Esos hombres prehistóricos se preguntaron por el sentido de la muerte y encontraron explicaciones básicamente mágicas. Asumieron que la vida no terminaba ahí y por eso diseñaron formas para decirle adiós al que se iba y confortar a quienes se quedaban.



Después se fueron introduciendo nuevos rituales, casi siempre de iniciación. El comienzo de la pubertad, el comienzo de la vida en pareja, el inicio de la cosecha, etc. Pero, por supuesto, celebrar un inicio es también consagrar un final. Todos esos rituales se mantuvieron a lo largo del tiempo. Evolucionaron y se adaptaron a las particularidades de cada cultura, pero en esencia persistieron.

En la sociedad actual, en cambio, cada vez son menos los rituales para anunciar la llegada de algo nuevo o despedir lo que se va. Se podría decir que el único de todos esos rituales que sigue sobreviviendo es el ritual funerario.

Sin embargo, en el mundo contemporáneo también el ritual para decir adiós a quien muere es cada vez más propiedad del mercado y no de los dolientes. Existen fórmulas “prefabricadas”. Las funerarias “se encargan de todo” y los dolientes son figuras pasivas.

Ni qué decir de esos adioses que duelen casi tanto como la muerte, pero que aparentemente no son tan definitivos. Es el caso de un divorcio, la salida del hogar paterno, o la ruptura de una relación.



¿Para qué sirven los rituales de adiós?
Un ritual sirve, principalmente, para marcar el hecho de que estamos al frente de un acontecimiento especial.
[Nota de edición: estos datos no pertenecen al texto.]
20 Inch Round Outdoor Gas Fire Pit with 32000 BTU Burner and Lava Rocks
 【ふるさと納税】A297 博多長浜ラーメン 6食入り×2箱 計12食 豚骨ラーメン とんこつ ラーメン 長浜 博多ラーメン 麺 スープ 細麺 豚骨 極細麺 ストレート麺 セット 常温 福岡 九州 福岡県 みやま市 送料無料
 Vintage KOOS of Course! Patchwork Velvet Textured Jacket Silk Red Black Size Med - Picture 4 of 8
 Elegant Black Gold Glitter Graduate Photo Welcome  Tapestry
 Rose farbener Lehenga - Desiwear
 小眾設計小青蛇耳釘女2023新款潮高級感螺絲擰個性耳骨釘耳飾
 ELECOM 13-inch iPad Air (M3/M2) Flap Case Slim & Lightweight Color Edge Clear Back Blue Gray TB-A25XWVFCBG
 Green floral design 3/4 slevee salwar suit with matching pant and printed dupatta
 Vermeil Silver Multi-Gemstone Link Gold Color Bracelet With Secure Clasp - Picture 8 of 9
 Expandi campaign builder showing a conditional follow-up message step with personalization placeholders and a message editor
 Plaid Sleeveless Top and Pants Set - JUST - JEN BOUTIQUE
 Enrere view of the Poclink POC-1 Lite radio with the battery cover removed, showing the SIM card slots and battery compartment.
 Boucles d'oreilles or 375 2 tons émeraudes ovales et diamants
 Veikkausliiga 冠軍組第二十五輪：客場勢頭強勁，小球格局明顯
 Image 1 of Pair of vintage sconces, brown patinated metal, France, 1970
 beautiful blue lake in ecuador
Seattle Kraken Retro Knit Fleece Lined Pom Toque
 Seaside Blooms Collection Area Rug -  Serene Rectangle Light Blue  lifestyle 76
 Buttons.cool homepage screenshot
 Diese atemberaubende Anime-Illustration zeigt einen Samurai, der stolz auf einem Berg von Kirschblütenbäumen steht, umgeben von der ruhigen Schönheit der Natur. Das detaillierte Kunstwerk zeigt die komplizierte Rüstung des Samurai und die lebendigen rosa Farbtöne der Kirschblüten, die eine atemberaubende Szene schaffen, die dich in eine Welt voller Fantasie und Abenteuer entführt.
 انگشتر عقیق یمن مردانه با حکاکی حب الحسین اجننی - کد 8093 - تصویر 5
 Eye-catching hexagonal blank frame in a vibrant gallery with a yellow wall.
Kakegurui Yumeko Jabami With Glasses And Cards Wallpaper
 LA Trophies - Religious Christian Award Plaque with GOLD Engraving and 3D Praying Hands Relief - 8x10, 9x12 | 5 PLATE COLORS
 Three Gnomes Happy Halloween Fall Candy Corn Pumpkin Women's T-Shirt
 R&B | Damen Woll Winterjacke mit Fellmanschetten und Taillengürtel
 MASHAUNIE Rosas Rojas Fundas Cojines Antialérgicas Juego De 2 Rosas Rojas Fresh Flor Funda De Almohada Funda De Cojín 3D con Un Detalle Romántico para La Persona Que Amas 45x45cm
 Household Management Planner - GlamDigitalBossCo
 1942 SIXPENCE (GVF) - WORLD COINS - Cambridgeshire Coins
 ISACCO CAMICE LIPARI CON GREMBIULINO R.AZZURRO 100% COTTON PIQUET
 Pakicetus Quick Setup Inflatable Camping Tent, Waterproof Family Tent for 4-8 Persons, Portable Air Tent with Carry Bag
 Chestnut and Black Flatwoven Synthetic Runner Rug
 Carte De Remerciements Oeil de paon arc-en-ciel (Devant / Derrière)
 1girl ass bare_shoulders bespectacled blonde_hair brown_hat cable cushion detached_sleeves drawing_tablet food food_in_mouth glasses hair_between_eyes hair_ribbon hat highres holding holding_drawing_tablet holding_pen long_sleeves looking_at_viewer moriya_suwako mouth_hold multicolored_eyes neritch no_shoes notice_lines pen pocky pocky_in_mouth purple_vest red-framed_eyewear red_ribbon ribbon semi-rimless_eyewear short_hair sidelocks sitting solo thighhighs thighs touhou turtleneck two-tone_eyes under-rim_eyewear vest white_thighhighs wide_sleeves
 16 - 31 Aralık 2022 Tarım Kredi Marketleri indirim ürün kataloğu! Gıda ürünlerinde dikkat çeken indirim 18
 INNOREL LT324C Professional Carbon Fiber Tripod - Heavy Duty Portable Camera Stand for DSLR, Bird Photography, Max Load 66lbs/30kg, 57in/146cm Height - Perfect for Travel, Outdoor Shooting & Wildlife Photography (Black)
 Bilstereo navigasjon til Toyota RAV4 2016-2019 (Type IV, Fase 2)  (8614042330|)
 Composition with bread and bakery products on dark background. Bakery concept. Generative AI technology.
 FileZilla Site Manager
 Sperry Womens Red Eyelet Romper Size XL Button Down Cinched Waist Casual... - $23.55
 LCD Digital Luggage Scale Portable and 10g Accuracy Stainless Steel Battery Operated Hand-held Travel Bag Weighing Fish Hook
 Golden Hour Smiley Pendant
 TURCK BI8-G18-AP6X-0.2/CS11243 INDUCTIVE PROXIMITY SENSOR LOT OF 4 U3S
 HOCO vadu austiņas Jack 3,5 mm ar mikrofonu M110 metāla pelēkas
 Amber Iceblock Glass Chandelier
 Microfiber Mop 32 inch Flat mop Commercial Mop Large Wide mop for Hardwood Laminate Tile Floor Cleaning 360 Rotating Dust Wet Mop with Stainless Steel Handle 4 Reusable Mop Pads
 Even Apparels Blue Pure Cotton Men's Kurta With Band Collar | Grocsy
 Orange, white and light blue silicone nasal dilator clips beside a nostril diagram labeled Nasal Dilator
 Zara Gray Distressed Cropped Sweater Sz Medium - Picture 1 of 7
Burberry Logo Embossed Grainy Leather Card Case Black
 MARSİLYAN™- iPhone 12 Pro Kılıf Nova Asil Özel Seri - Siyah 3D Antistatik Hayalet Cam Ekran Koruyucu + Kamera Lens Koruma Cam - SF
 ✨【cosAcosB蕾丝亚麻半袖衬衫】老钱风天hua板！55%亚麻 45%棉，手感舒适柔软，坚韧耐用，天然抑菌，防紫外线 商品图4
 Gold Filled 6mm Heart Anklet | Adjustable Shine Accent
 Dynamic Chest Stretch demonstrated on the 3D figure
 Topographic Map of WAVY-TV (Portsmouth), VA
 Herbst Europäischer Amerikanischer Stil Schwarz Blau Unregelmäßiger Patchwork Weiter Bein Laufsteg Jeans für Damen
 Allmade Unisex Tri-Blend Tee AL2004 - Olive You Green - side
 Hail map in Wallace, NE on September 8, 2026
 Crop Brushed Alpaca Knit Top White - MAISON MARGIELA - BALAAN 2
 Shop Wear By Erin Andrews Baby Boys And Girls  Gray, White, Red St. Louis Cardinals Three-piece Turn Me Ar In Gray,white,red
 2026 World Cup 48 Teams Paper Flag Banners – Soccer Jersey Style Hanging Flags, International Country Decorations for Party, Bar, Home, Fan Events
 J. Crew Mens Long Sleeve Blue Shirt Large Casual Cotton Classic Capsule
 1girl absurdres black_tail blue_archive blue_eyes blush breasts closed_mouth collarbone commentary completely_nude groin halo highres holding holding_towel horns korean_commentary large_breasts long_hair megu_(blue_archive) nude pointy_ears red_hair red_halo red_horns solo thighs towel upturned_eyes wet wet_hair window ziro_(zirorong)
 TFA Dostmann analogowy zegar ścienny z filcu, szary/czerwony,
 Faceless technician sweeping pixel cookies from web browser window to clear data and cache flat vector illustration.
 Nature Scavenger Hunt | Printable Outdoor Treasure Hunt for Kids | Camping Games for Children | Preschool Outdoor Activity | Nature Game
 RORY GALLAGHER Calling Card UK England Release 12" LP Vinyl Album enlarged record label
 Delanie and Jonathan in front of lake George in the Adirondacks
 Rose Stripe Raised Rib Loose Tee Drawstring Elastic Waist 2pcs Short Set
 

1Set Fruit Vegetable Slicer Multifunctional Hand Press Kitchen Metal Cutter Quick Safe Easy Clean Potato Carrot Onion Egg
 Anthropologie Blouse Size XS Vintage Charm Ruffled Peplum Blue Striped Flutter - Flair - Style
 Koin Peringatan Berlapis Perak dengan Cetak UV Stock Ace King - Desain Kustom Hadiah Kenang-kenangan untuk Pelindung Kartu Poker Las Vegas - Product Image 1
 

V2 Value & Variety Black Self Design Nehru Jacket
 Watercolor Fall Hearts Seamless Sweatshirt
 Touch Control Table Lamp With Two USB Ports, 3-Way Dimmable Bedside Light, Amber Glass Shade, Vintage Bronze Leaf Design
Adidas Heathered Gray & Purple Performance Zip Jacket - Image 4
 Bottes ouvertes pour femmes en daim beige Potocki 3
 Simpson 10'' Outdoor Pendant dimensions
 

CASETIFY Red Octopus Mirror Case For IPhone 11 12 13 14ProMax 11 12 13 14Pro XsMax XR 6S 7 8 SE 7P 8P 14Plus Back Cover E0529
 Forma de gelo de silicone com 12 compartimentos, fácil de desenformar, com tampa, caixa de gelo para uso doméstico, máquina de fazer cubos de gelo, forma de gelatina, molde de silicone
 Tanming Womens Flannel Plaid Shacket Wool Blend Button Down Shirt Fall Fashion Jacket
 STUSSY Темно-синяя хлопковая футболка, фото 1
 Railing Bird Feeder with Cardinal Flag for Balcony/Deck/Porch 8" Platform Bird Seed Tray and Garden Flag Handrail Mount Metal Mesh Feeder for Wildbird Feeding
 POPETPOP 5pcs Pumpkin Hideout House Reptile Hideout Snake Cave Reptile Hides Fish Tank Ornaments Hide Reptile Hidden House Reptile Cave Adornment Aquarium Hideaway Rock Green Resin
Un hecho que no es ordinario y que merece un alto en el camino para recibirlo, digerirlo y prepararse para el cambio.

Los rituales y ceremonias contribuyen a otorgarle significado a un hecho. En el caso de los rituales de adiós, al hecho de separarse de alguien a quien se ha amado, bien sea por decisión propia o debido a la muerte.

Un ritual de adiós permite remarcar el hecho de que ha ocurrido algo que cambiará nuestra vida. Que no seremos los mismos después de ello y que esto debe ser elaborado simbólicamente, para facilitar la aceptación.

Un adiós supone asumir una nueva perspectiva frente al pasado y al futuro, cambiar todo aquello que era habitual por algo nuevo que todavía no hemos construido. Implica también la conciencia de tener que aceptar un sufrimiento y de tramitarlo.

En la sociedad actual, no siempre hay lugar para todo esto. Muchas veces las personas deben vivir el drama de la separación en absoluta soledad. Se le repite solamente que tiene que seguir adelante y nadie quiere ver que esa persona se lamente, o exprese su dolor.

Se les invita a no llorar, a tratar de pensar en otra cosa, a realizar actividades para que se distraiga. Y con el tiempo, si acaso su dolor no sana, se les evita. En estas condiciones, se pasa fácilmente del dolor a la amargura. El doliente sabe que no puede cambiar los hechos, pero a la vez no logra conformarse. Eso termina traduciéndose en depresión, manías o dificultades con los demás.

Lo ideal sería que cada adiós tuviera su propio ritual. En el mundo contemporáneo es probable que cada quien deba diseñar sus propios rituales privados para despedirse, porque, en general, casi nadie quiere dar lugar a pensar en la muerte o en la separación.



Realizar un ritual de adiós es sanador. Permite mirar cara a cara la pérdida y es una primera señal de aceptación. Contribuye también a atar esos cabos que pueden estar sueltos en el vínculo que ahora se termina.

Se puede tomar un objeto simbólico para que sea consumido por el fuego, en señal de adiós. Se puede escribir una carta, o un poema, para marcar esa despedida. Se pueden recoger los recuerdos de quien se fue y darles un lugar físico especial para conservarlos.

Todos aquellos pequeños rituales que contribuyan a decir adiós, permiten sobrellevar el duelo con mayor entereza.